Samantha, a 14-year-old Lhasa Apso, was taking a walk with her owner, Susanne Geary, when suddenly the ground in front of her feet gave way.
“I was looking at the bird feeder and the next thing I knew, she was gone,” Geary tells the Frederick News Post.
Poor Samantha, who is blind and deaf, fell eight feet to the bottom of a sinkhole while Geary looked on in horror.
Gleary first tried to pull little Samantha out of the deep hole with her leash, which was still attached to Samantha’s collar. But after only a few tugs, Samantha’s collar slipped off, and Geary was back at square one.

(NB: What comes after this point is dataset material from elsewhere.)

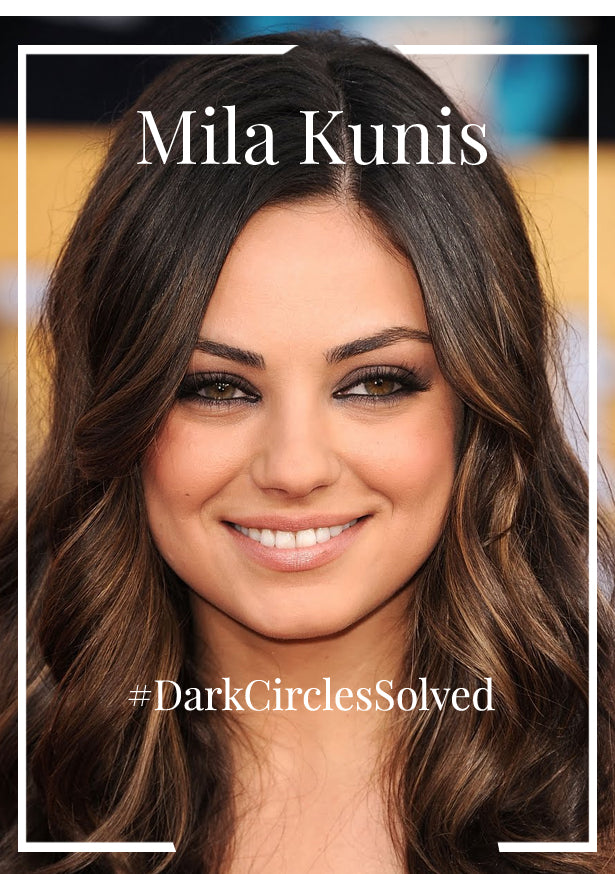 Even Mila Has Dark Undereye Circles! Fix Yours With This Product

“I screamed, ‘Help! Help!’ and some neighbors came out to help me but we could not get her out so of course we had to call emergency,” Geary tells CBS Baltimore.
Neighbors called 9-1-1, and within moments a whole bevy of emergency responders arrived on the scene. The Fort Detrick Special Operations Unit, Frederick County Advanced Technical Rescue, Frederick Department of Public Works, Frederick County Animal Control, and a variety of regional fire and rescue departments got to work immediately.
In all, 25 rescue workers took part in Sunday’s daring sinkhole rescue operation.
The sinkhole proved to be quite challenging, explains Independent Hose Co. Station No. 1 Chief Rodney Masser. While the group initially spent 45 minutes trying to dig into the earth by hand, they soon realized they’d need to use a backhoe to get down to Samantha.
“It was a very narrow opening, like a crevice that washed away underground,” Masser says of the sinkhole, which was roughly 3 by 12 feet and formed between two giant pieces of rock.
Samantha waited, frightened and cold, pacing back and forth at the bottom of the sinkhole while her rescuers toiled away above.
“We tried several different options [to reach Samantha],” Masser explains. “Of course, the weather wasn’t cooperating, with the rain and the sleet, snow, and wind.”
The group worried about Samantha in the freezing cold temperatures, so they brought in special equipment to keep the little dog warm.
“We’re pumping warm air down into the hole. They tried using food to bring the dog closer to the opening,” describes Fire and Rescue Chief Mike Dmuchowski.
Finally, at 2:30 that afternoon — after more than seven hours — rescuers were able to extract Samantha from the dangerous sinkhole.
Once out of the earth, Samantha was rushed to the Care Veterinary Center, where Dr. Adriane Shell checked Samantha for injuries. Amazingly, all the Lhasa Apso needed was a warm bath, Dr. Shell explains.
“She was so caked with mud that the initial exam was a little difficult,” the veterinarian says. “We essentially gave the dog a complimentary bath. She was sleeping soundly in her cage when the owner came to pick her up.”
Sunday night, free from the sinkhole, cleared by the veterinarian, and back in Susanne Geary’s arms, Samantha spent the rest of the night curled up by the warm, comforting fireplace. Geary couldn’t be more thrilled that her best friend made it through the day’s ordeal.
“She’s home, she ate, she’s safe and I’m happy,” Geary says.